INSTRUCTIONS TO FOLLOW »
An exact copy of the lines of the listing below between the "FloridaRevenue's tweet photo." line and the "Ativa Printable CD-R" line, both included, is the whole answer; please omit the pictures.

THE DATA »
Content starts
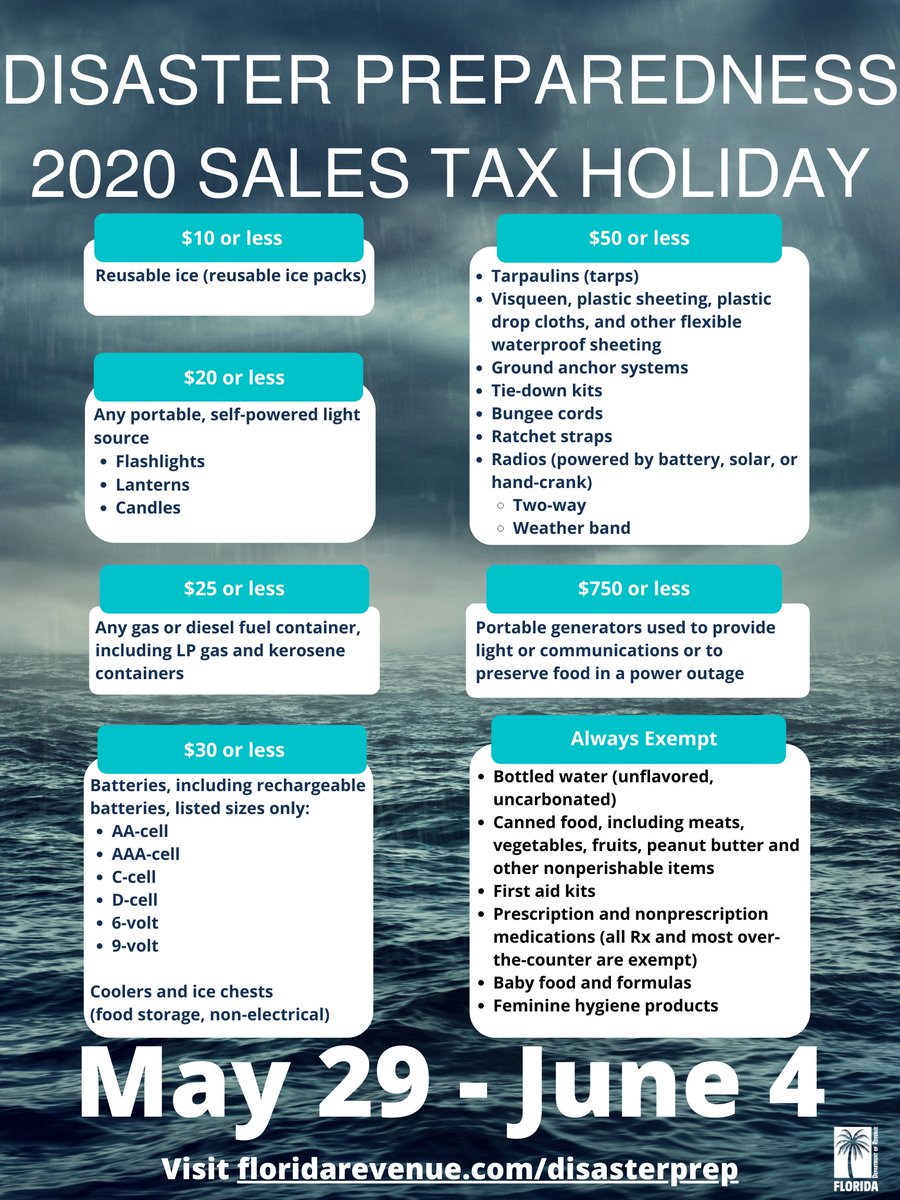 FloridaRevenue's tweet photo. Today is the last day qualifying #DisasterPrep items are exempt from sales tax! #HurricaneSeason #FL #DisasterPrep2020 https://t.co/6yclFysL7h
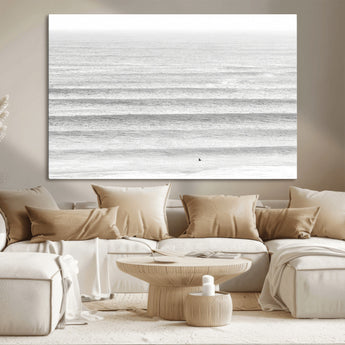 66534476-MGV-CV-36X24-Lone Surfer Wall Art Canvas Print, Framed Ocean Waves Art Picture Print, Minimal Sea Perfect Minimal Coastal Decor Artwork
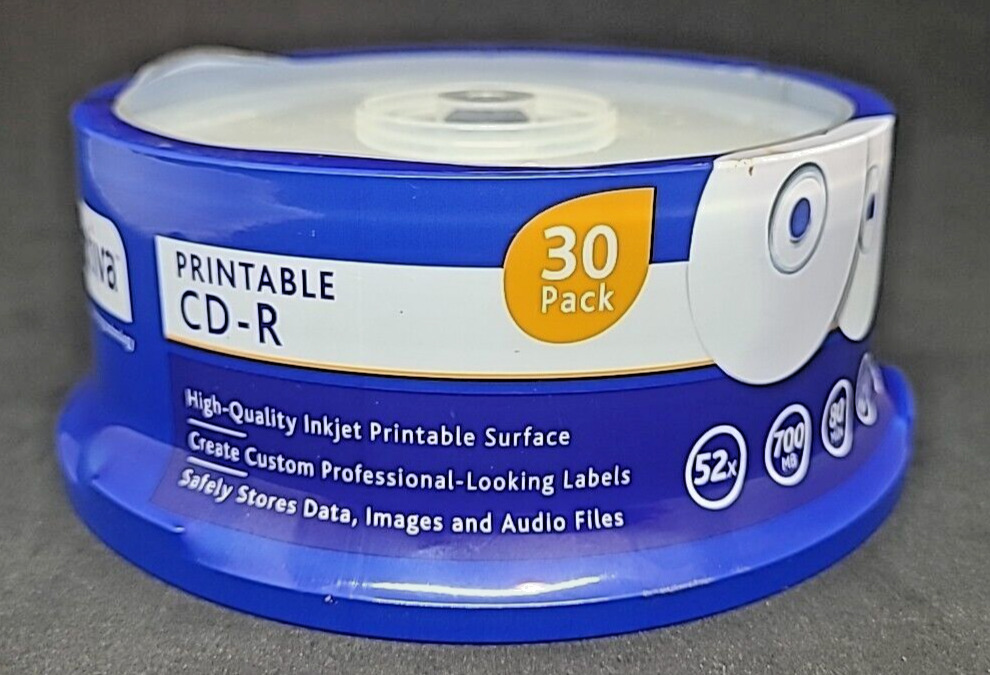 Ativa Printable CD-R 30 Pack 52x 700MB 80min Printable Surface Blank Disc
Content ends
Content starts
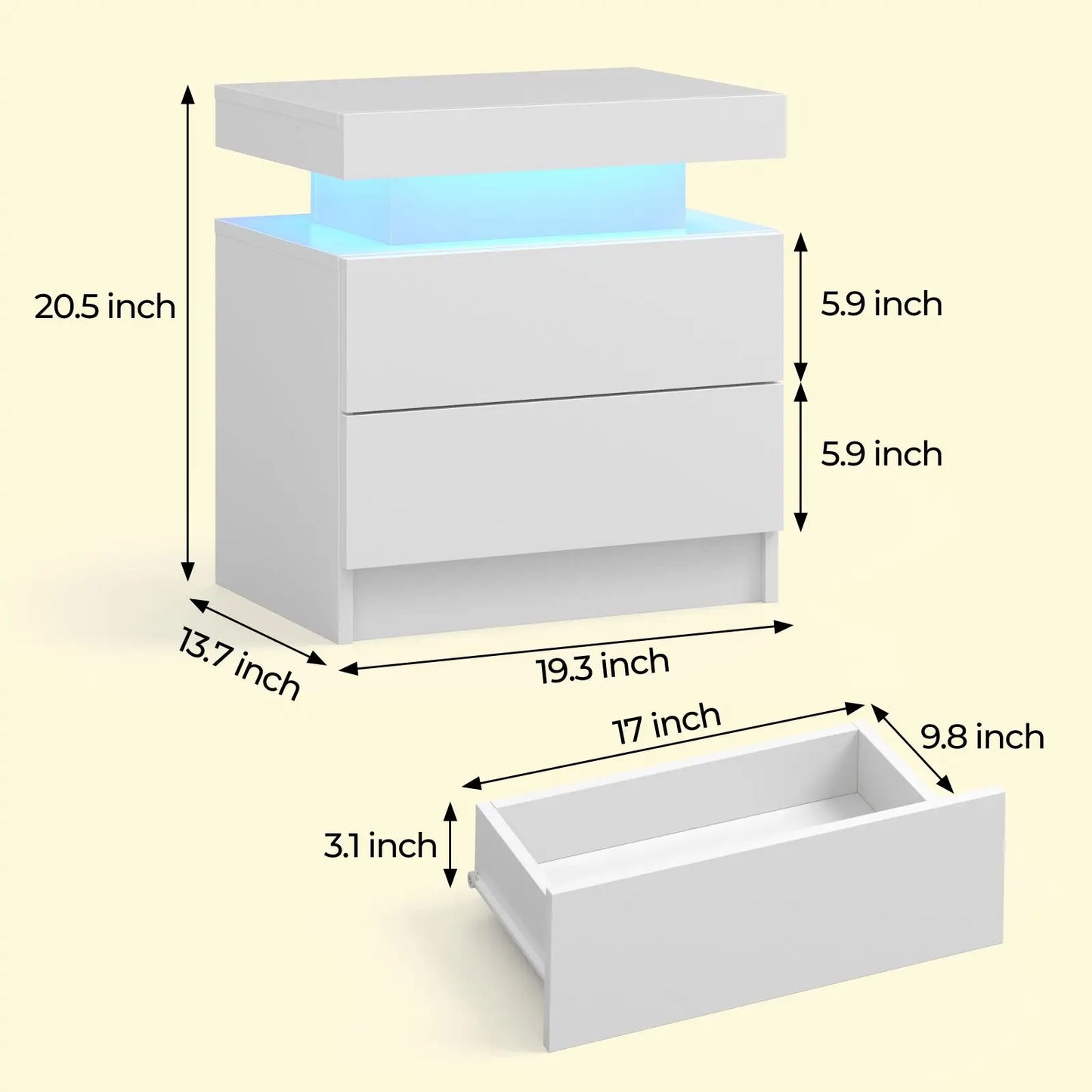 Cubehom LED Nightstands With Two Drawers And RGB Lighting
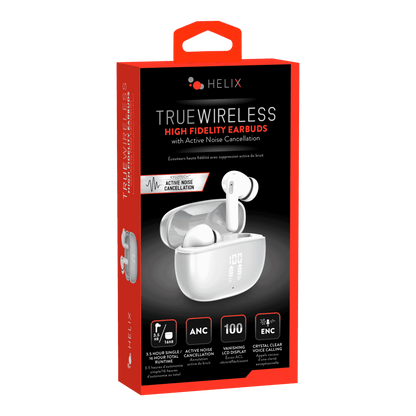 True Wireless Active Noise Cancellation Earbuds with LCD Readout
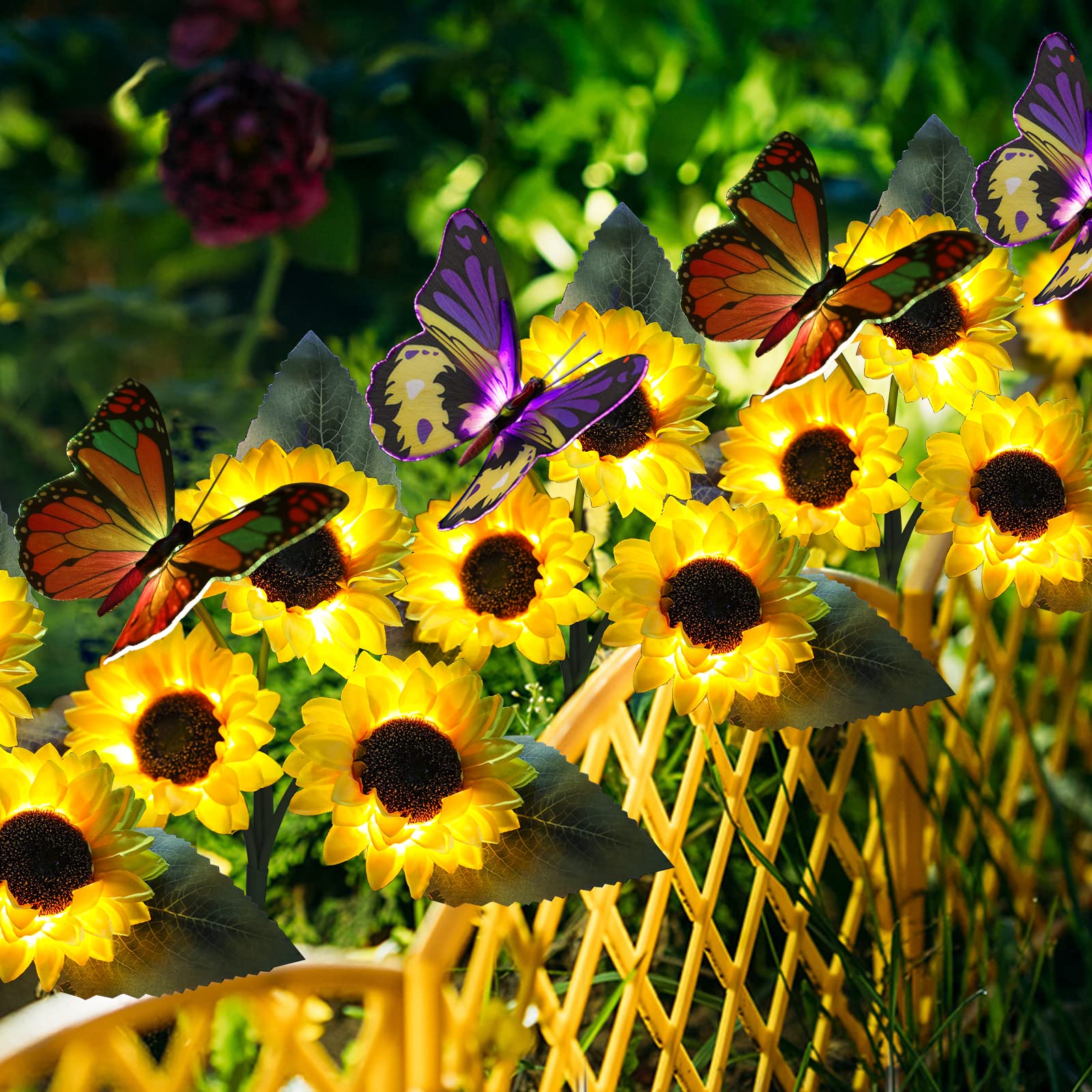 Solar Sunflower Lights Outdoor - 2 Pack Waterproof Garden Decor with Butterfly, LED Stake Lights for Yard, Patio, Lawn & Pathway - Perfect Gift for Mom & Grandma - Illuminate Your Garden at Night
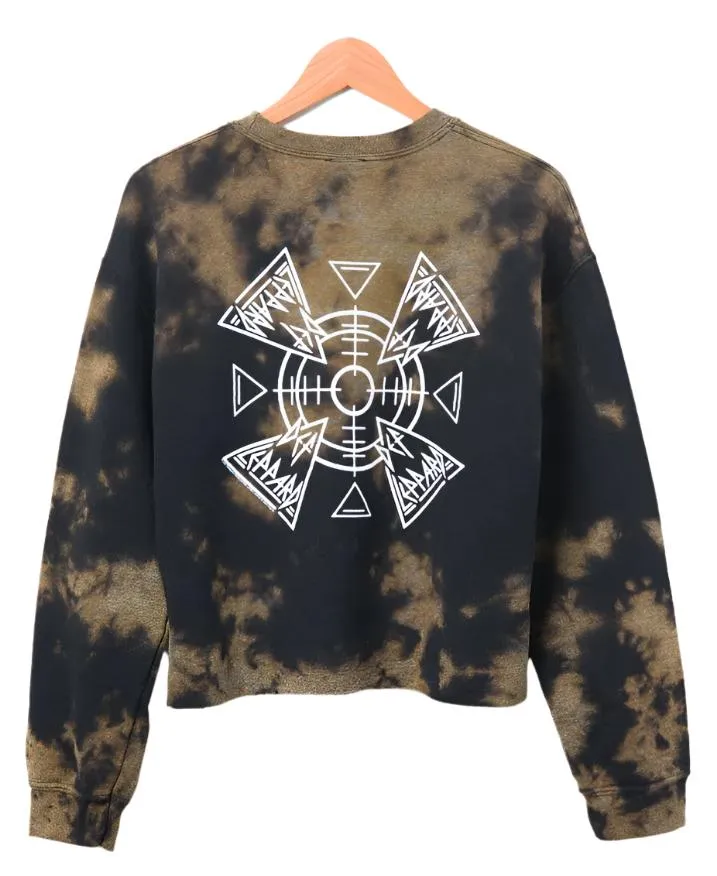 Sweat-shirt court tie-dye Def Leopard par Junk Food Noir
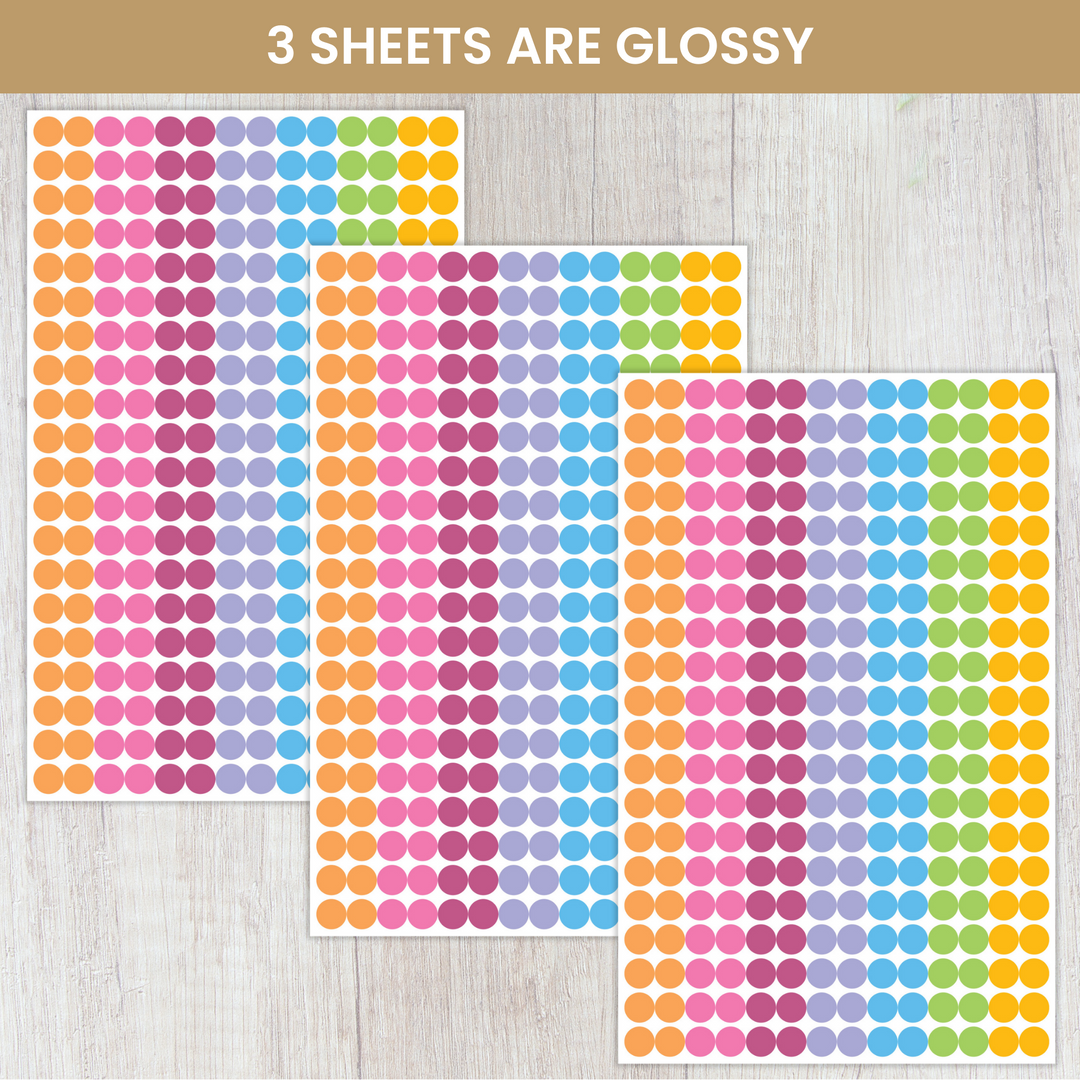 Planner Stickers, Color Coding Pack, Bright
Content ends
Content starts
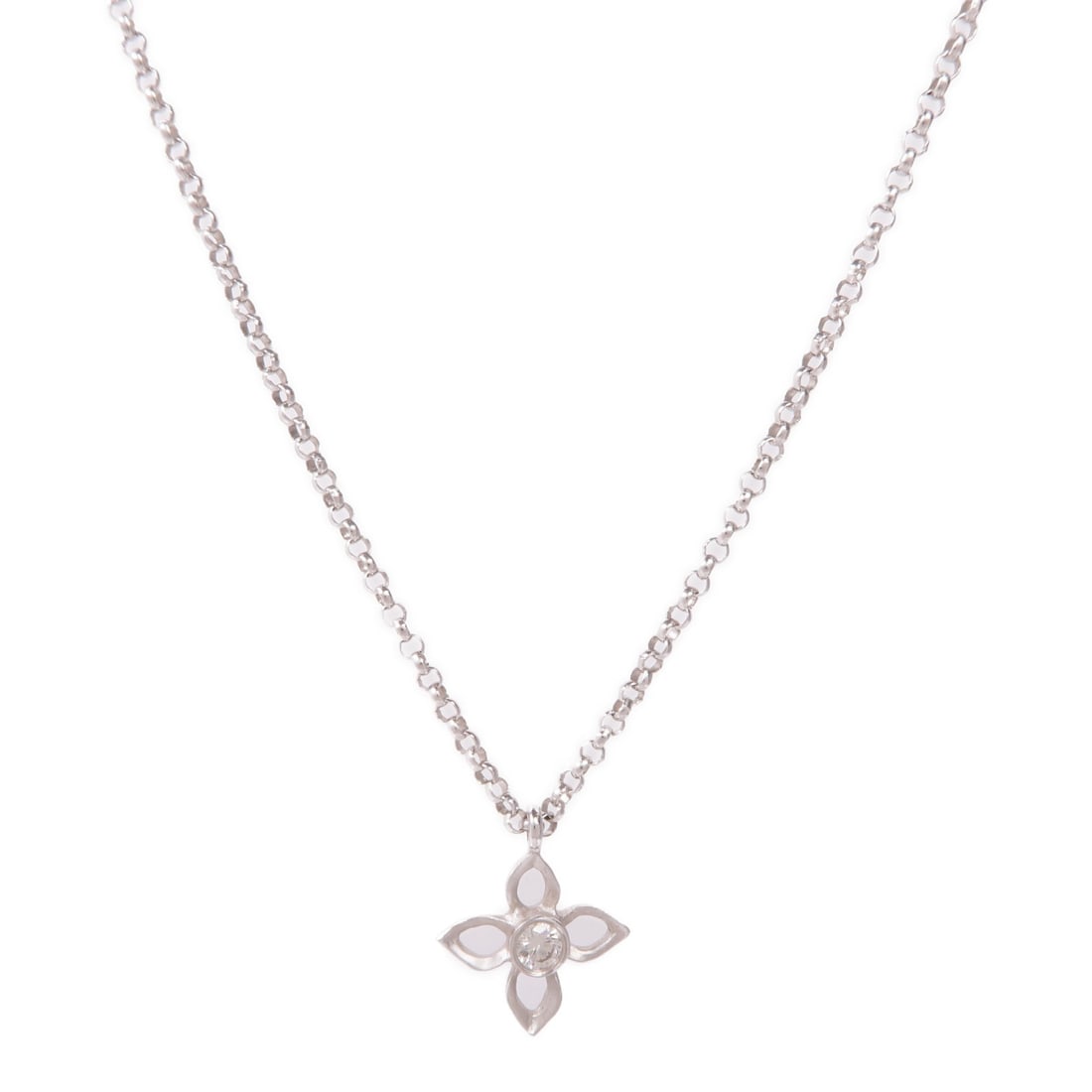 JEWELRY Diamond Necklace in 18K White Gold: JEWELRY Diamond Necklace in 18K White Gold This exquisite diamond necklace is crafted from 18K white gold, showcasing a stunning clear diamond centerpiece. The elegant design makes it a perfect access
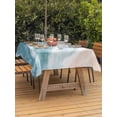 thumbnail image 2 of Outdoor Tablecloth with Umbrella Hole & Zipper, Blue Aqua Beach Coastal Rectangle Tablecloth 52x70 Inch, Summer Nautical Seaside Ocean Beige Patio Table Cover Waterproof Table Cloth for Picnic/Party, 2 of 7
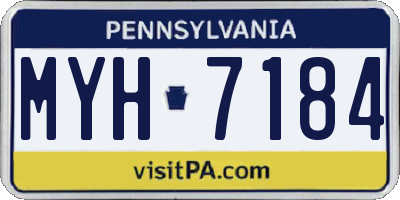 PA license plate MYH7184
Content ends
TASK OUTPUT »
 FloridaRevenue's tweet photo. Today is the last day qualifying #DisasterPrep items are exempt from sales tax! #HurricaneSeason #FL #DisasterPrep2020 https://t.co/6yclFysL7h
 66534476-MGV-CV-36X24-Lone Surfer Wall Art Canvas Print, Framed Ocean Waves Art Picture Print, Minimal Sea Perfect Minimal Coastal Decor Artwork
 Ativa Printable CD-R 30 Pack 52x 700MB 80min Printable Surface Blank Disc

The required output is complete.